* Goal of the exercise: For this exercise, output the entries below exactly from the line that holds "Bike Water Bottle" to the line that holds "Air Jordan Embroidered", both ends included. No pictures belong in the copy.

* Dataset entries:
************
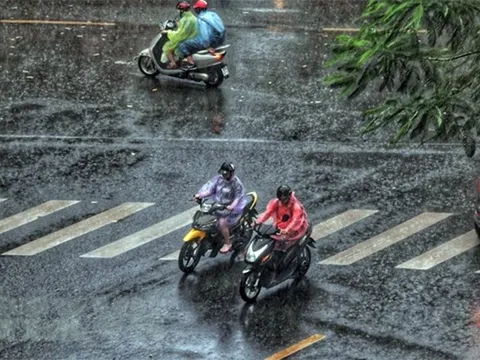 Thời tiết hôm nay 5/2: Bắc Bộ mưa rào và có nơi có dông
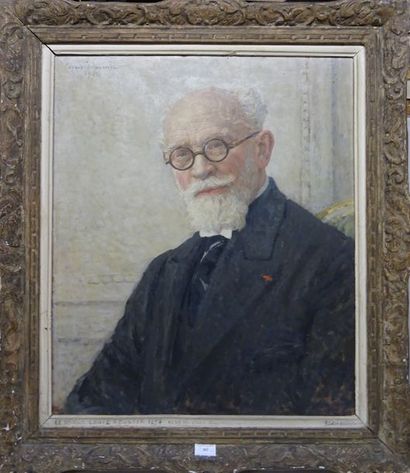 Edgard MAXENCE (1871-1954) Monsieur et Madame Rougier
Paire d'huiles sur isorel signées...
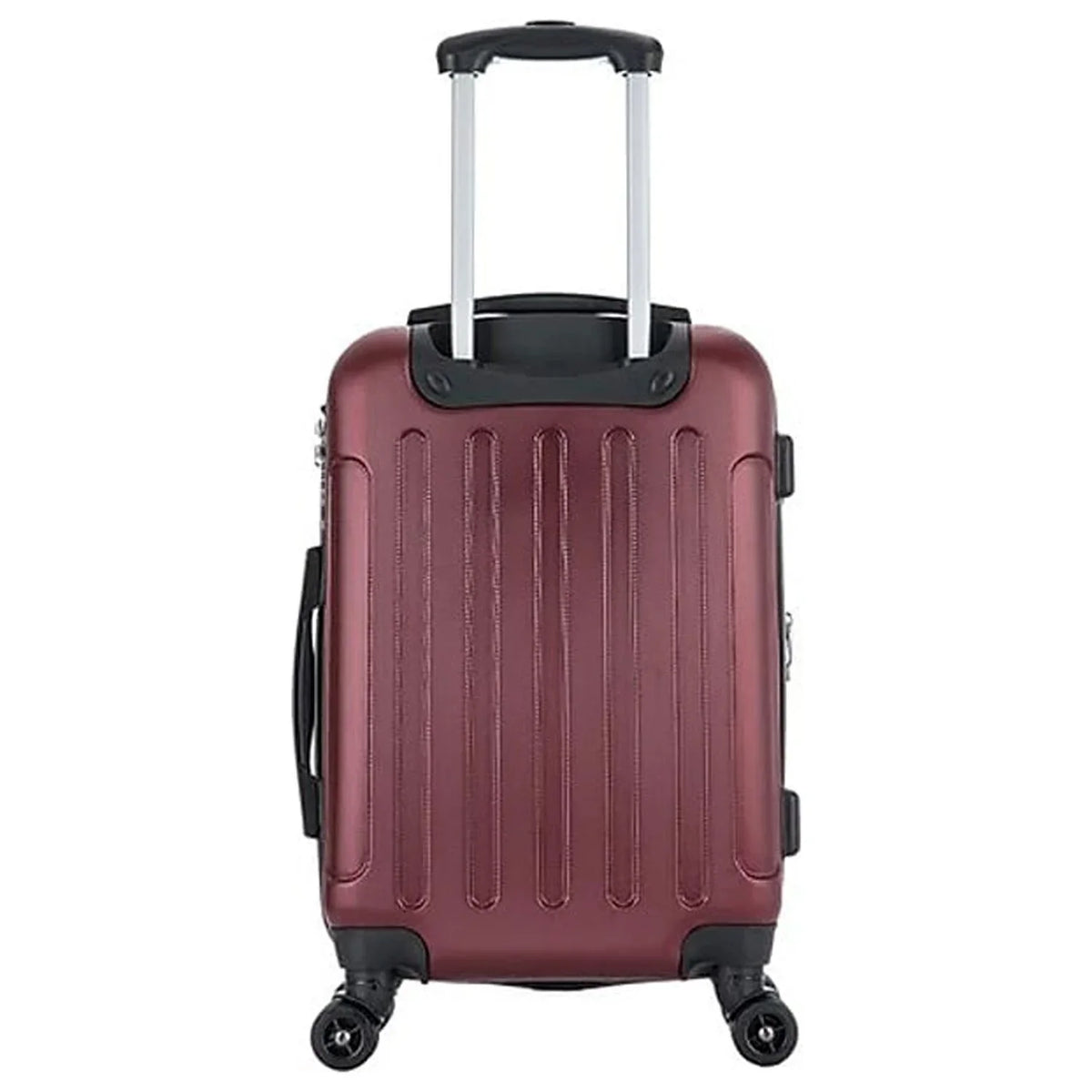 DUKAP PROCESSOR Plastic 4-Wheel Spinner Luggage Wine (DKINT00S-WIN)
************
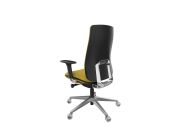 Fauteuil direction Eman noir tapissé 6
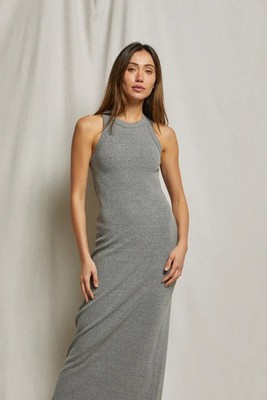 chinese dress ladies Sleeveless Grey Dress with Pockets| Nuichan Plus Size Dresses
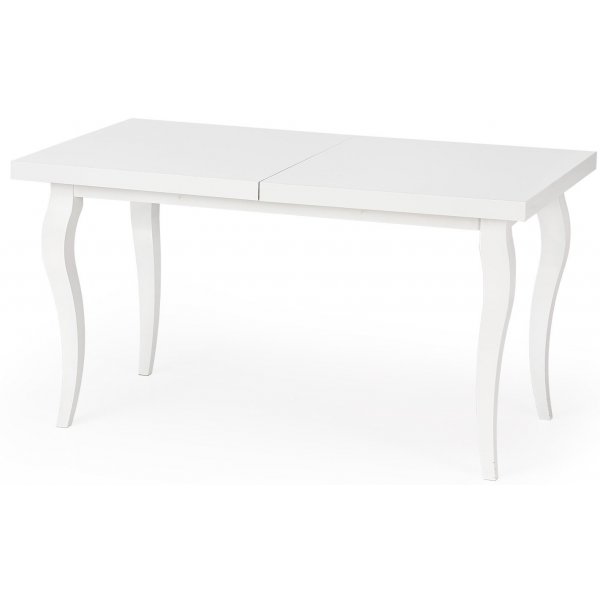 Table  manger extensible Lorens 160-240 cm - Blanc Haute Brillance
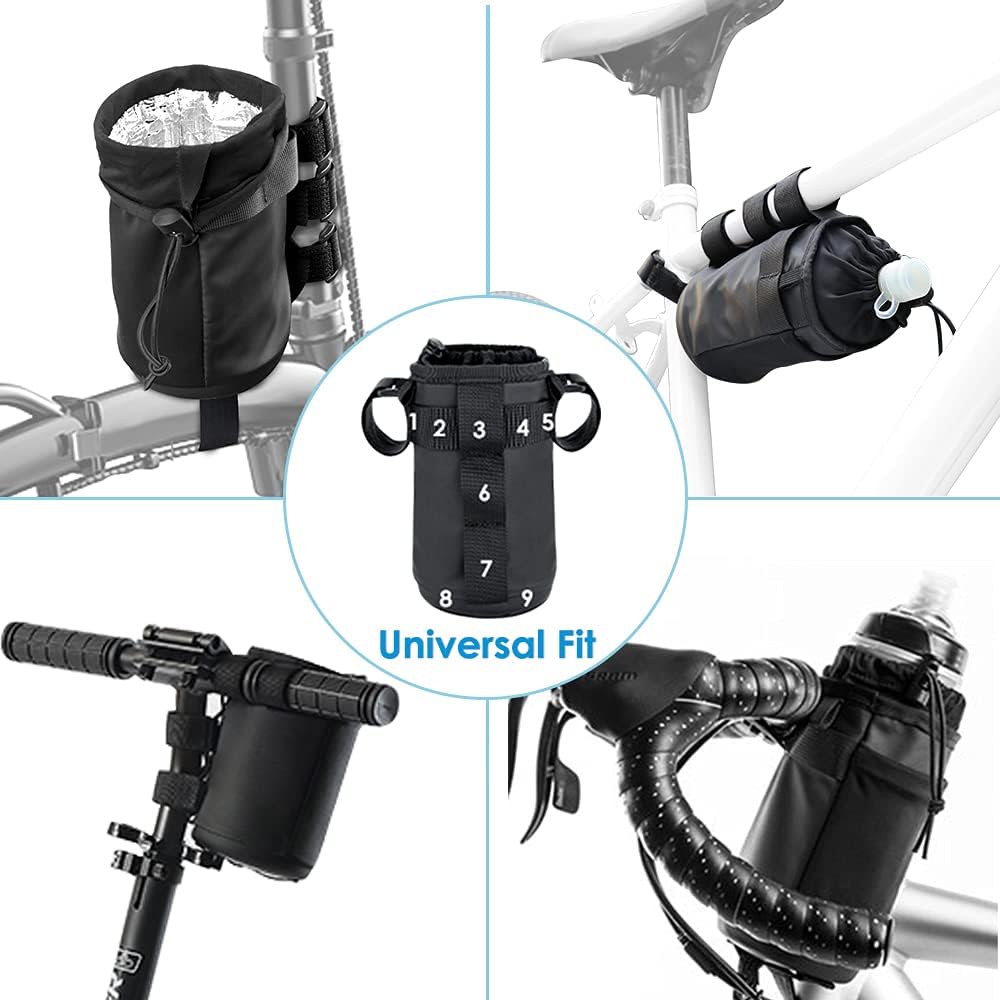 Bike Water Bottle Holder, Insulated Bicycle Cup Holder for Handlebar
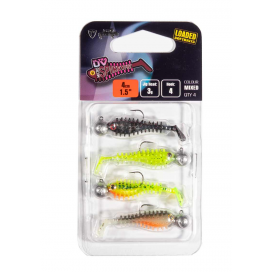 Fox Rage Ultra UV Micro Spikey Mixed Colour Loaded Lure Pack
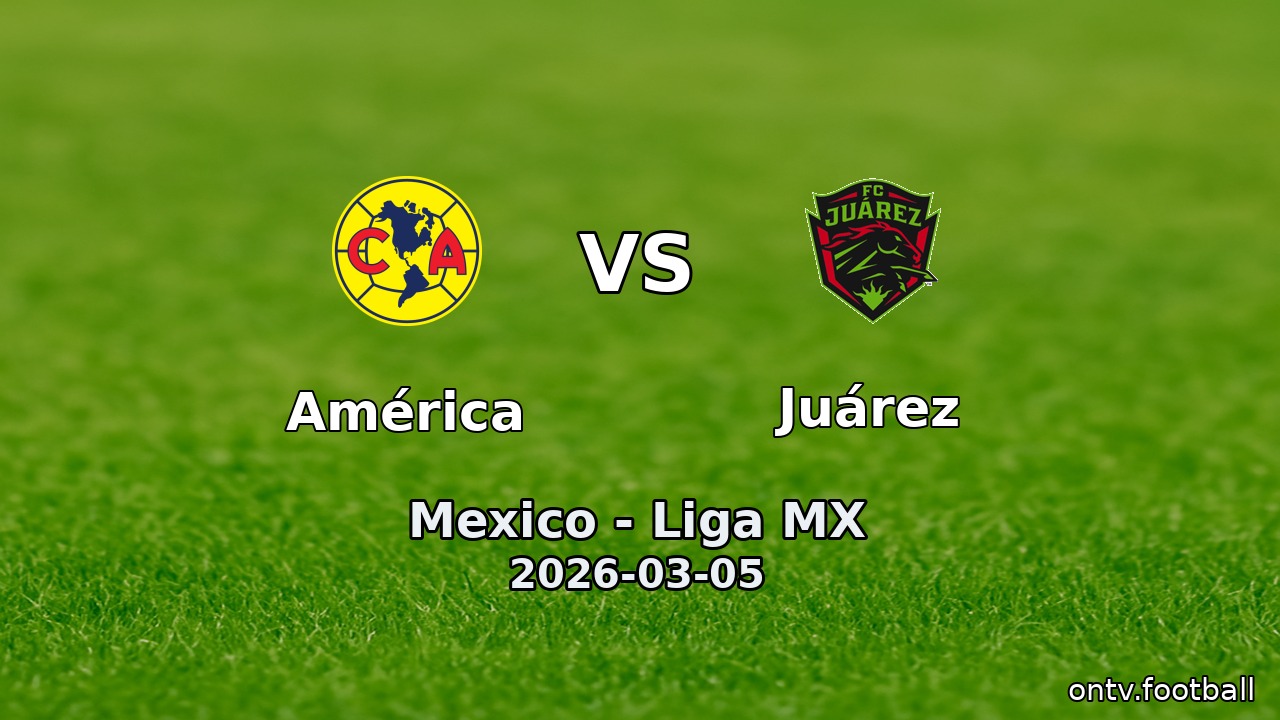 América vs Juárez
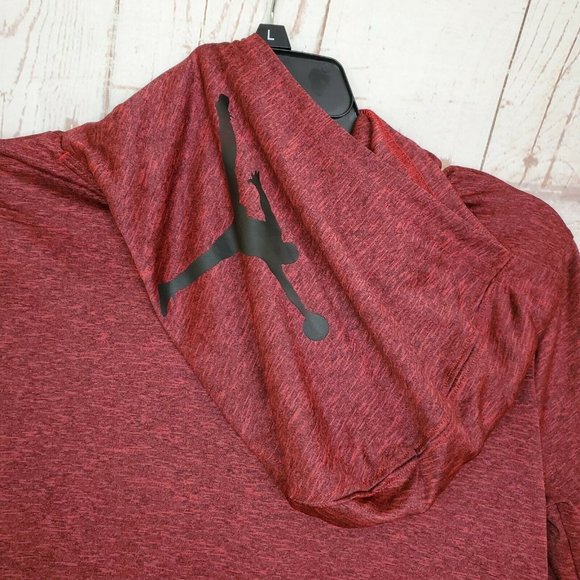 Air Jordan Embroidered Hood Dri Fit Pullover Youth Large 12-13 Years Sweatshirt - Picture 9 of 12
************
* Written response:
 Bike Water Bottle Holder, Insulated Bicycle Cup Holder for Handlebar
 Fox Rage Ultra UV Micro Spikey Mixed Colour Loaded Lure Pack
 América vs Juárez
 Air Jordan Embroidered Hood Dri Fit Pullover Youth Large 12-13 Years Sweatshirt - Picture 9 of 12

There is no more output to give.